The heavy trading volume of 22.4 million shares yesterday suggested that another of Google's goals -- preventing people from buying in the IPO and flipping shares for a quick profit on the first day -- was not achieved. The stock was driven higher in early trading, experts said, by foreign investors, who were not allowed to participate in the IPO auction but wanted to own Google, and by bargain hunters attracted to Google shares at prices far below the original estimated IPO price.
For all the talk of an innovative auction method, the ultimate result was that Google, its venture capital investors and its financial advisers chose to price the stock in the time-honored tradition of Wall Street, where IPO shares in major deals often are intentionally discounted so that they will rise in price on the first day of trading.
That strategy was deemed important by two major Google venture capital backers, Kleiner Perkins Caufield & Byers and Sequoia Capital, according to people familiar with the deal. The two firms had pushed hardest for a public offering, but when insufficient demand developed at Google's initial price range of $108 to $135 per share earlier this week, the firms bailed the deal out by deciding not to sell any of the millions of shares of Google stock they had originally planned to put on the market. Their decision had a positive impact on the psychology of the offering, since investors were suspicious that heavy selling in the IPO by sophisticated insiders signaled a lack of confidence in the company's financial prospects.
There was more than altruism at work in that decision. Kleiner Perkins, Sequoia Capital and others who owned Google shares and stock options prior to the IPO will become eligible over the next six months to sell more than 200 million additional Google shares. As a result, the firms had a tremendous financial stake in establishing a positive feeling toward the stock offering among major institutional investors and the investing public, whom they will look to again in the coming months to gobble up additional shares.
Gaskins said Google executives and the company's financial advisers, Morgan Stanley and Credit Suisse Group, chose to allocate and price shares to meet only 75 percent of the demand in the IPO auction, intentionally leaving some investors hungry to snap up more stock once the shares began trading. Gaskins said that, based on his own analysis of profits and share prices, Google, at about $100, is now trading at the same valuation level as its chief competitor, Yahoo.

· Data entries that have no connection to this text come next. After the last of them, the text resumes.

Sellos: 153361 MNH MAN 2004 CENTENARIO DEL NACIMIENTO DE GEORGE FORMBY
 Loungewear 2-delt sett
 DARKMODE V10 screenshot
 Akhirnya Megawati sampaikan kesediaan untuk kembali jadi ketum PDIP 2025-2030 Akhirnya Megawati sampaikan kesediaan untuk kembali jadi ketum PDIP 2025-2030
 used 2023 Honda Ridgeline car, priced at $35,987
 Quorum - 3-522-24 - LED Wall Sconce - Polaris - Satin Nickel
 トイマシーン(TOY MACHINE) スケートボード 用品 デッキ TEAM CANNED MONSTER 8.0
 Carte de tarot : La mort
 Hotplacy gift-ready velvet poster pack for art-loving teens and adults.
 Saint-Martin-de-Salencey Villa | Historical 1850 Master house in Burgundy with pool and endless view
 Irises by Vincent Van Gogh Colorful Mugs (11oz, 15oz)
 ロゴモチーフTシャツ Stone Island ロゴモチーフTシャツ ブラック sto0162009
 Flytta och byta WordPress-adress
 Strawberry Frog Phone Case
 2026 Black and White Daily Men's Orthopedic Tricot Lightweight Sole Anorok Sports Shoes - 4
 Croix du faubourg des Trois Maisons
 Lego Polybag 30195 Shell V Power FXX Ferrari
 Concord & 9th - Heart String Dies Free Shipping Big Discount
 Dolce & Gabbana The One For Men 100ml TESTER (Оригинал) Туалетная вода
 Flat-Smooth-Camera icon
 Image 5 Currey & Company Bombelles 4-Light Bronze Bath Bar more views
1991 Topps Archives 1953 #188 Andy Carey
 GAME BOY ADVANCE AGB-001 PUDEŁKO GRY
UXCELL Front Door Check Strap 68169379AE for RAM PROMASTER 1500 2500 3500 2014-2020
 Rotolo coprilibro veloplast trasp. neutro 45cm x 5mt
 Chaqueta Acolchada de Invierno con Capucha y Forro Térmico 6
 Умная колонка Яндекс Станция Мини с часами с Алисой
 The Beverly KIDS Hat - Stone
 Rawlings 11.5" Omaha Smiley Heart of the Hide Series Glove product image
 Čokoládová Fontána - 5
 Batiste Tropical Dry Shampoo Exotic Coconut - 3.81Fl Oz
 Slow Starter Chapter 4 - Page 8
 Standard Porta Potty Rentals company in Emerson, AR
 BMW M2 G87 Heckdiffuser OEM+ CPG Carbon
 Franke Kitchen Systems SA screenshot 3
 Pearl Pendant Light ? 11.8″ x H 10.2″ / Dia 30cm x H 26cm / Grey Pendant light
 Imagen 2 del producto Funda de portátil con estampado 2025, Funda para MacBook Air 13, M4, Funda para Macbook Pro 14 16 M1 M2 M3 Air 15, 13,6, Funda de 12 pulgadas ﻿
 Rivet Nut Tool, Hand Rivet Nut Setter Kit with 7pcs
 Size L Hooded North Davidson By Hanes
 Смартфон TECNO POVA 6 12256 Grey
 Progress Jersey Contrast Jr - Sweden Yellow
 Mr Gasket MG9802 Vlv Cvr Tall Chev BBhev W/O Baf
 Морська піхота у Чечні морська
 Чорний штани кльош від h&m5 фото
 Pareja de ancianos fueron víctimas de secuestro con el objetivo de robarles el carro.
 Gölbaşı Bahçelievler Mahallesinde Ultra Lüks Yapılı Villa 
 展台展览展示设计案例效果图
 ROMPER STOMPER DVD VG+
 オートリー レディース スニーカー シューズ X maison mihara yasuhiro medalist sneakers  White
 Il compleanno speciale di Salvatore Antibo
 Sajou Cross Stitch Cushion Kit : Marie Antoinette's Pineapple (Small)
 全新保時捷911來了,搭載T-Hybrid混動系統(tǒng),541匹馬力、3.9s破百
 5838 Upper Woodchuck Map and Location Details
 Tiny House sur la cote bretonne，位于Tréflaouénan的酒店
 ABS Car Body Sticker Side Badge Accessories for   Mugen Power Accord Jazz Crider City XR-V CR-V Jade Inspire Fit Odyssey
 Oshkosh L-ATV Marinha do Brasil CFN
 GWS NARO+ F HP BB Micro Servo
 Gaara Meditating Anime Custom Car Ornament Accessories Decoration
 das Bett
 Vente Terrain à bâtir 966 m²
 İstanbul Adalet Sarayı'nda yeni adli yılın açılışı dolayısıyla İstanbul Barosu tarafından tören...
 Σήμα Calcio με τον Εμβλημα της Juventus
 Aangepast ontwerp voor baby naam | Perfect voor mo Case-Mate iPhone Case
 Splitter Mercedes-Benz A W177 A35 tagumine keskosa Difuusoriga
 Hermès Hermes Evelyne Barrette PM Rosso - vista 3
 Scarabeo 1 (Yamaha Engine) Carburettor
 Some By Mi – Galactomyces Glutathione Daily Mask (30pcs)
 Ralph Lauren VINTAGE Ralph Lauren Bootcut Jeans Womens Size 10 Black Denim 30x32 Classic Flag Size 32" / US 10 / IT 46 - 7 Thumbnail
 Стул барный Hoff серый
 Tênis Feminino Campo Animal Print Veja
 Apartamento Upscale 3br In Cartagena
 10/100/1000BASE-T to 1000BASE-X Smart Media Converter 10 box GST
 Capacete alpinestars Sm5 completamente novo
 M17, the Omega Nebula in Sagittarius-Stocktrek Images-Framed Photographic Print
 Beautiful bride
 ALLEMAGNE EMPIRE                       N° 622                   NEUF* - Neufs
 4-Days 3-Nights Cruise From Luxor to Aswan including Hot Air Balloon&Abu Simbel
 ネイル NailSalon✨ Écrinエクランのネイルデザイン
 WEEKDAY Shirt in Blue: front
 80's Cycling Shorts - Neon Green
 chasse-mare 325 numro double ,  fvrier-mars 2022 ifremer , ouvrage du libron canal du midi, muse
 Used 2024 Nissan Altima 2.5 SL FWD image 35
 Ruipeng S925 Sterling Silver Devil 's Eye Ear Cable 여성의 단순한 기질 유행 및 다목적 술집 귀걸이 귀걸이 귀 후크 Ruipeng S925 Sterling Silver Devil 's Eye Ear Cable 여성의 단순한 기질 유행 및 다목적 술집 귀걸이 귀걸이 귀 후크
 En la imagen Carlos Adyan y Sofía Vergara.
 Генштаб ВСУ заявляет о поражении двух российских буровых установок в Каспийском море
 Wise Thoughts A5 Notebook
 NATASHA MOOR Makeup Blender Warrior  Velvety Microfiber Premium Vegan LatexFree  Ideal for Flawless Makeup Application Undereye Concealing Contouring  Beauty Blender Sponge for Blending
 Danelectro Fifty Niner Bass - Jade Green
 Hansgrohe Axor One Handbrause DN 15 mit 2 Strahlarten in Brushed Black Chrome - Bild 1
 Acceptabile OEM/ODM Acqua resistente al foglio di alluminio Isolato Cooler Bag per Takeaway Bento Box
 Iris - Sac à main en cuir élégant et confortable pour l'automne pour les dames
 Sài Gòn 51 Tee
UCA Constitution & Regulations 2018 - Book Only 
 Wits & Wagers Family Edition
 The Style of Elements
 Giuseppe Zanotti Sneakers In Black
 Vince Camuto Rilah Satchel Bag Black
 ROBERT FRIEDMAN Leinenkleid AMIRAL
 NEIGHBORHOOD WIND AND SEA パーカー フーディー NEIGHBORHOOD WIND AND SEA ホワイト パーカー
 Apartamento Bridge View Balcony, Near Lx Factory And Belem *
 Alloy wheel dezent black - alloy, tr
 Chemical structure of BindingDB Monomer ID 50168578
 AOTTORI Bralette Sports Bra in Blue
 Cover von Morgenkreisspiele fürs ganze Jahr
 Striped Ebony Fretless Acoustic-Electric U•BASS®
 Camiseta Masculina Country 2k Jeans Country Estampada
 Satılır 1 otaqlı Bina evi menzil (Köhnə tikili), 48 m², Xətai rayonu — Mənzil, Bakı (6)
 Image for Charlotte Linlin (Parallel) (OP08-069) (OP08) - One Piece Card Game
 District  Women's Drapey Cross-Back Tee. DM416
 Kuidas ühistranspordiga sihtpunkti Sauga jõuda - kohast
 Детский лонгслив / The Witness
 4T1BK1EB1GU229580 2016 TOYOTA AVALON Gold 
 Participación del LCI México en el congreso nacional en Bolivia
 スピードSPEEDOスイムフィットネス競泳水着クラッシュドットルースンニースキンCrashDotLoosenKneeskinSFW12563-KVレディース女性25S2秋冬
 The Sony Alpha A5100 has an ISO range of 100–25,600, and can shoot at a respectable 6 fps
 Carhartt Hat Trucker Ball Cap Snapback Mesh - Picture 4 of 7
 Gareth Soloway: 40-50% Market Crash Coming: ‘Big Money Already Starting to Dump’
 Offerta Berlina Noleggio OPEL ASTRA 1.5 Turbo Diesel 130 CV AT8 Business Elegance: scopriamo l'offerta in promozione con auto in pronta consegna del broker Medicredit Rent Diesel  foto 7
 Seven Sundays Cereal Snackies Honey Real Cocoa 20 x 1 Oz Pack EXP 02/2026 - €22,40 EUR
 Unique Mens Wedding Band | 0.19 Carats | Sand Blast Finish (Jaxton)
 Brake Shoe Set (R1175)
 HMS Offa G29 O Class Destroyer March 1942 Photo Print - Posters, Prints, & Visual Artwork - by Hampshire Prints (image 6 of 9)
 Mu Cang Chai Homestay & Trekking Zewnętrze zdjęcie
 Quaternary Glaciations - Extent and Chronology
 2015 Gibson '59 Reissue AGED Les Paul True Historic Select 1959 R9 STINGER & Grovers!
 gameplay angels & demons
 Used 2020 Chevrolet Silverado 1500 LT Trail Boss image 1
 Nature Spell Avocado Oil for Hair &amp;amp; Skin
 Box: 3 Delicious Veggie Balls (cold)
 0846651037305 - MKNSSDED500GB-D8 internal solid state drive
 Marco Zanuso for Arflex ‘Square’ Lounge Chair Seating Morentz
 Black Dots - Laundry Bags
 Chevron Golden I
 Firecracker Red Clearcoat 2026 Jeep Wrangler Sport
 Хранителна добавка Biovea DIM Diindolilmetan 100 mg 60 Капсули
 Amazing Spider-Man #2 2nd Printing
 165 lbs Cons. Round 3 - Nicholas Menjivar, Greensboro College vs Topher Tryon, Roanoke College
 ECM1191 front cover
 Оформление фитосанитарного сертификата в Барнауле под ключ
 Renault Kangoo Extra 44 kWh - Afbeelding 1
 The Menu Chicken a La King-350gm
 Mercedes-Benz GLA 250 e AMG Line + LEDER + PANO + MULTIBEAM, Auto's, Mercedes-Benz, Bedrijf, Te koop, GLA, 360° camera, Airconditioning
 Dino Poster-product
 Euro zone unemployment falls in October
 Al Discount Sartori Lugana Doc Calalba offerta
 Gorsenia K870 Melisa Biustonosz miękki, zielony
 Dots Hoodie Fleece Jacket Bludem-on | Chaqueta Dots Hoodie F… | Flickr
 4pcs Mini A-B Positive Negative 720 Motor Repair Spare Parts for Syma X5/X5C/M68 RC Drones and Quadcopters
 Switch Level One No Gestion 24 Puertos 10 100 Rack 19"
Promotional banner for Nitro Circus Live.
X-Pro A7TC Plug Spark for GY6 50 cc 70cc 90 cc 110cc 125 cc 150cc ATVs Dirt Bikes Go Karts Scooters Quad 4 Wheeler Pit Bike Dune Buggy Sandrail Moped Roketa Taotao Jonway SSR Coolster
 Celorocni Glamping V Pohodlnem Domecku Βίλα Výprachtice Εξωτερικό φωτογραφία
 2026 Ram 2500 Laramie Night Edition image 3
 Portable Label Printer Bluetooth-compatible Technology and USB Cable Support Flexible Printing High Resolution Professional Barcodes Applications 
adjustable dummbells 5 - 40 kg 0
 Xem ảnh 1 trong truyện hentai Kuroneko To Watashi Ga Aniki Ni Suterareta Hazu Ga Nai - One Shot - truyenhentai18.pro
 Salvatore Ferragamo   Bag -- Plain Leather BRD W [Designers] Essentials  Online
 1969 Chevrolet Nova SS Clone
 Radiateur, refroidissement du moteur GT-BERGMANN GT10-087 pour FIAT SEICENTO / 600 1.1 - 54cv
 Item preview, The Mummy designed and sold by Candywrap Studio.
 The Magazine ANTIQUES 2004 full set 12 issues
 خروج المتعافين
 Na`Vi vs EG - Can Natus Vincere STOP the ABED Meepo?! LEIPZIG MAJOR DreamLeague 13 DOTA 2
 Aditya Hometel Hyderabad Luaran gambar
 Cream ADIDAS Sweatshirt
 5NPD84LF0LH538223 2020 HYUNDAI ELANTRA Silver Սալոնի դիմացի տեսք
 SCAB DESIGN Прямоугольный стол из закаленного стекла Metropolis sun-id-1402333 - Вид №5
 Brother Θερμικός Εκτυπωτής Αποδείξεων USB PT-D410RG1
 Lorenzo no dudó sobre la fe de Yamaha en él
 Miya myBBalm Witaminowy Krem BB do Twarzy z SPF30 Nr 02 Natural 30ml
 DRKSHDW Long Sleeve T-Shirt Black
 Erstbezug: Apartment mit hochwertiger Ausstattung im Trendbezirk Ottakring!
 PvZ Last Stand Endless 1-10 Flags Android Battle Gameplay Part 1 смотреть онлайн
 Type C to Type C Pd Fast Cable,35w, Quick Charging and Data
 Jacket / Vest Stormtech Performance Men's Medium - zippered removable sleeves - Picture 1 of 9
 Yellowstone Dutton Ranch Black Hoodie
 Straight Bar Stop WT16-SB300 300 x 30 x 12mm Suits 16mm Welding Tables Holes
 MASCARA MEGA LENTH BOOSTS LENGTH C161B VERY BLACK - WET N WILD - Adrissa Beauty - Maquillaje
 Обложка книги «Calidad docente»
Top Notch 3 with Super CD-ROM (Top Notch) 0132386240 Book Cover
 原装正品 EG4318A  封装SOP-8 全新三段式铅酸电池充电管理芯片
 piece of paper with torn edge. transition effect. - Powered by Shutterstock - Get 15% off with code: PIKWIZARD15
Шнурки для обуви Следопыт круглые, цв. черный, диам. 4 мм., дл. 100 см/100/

A handful of trades were executed by mistake with prices soaring as high as $140.92 per share before Google stock officially began changing hands yesterday in the late morning. A spokeswoman for the Nasdaq Stock Market said those mistaken trades were canceled, adding that such errors can happen in large IPOs as thousands of investors and brokers seek to match supply and demand in an orderly fashion. "We took them off the tape," Bethany Sherman, a spokeswoman for Nasdaq, said of the erroneous trades.
At yesterday's closing stock price, Brin and Page are each worth $3.8 billion, and Google's chief executive officer, Eric E. Schmidt, is worth $1.4 billion.
"It has been a good day for Google," said Jupiter Research analyst Nate Elliott. "Despite all the problems and all the potential issues that could have sidetracked them, they went public and made a lot of money for the company and early investors, and the stock price went up. And Google, being Google, made sure they did it like no one ever had."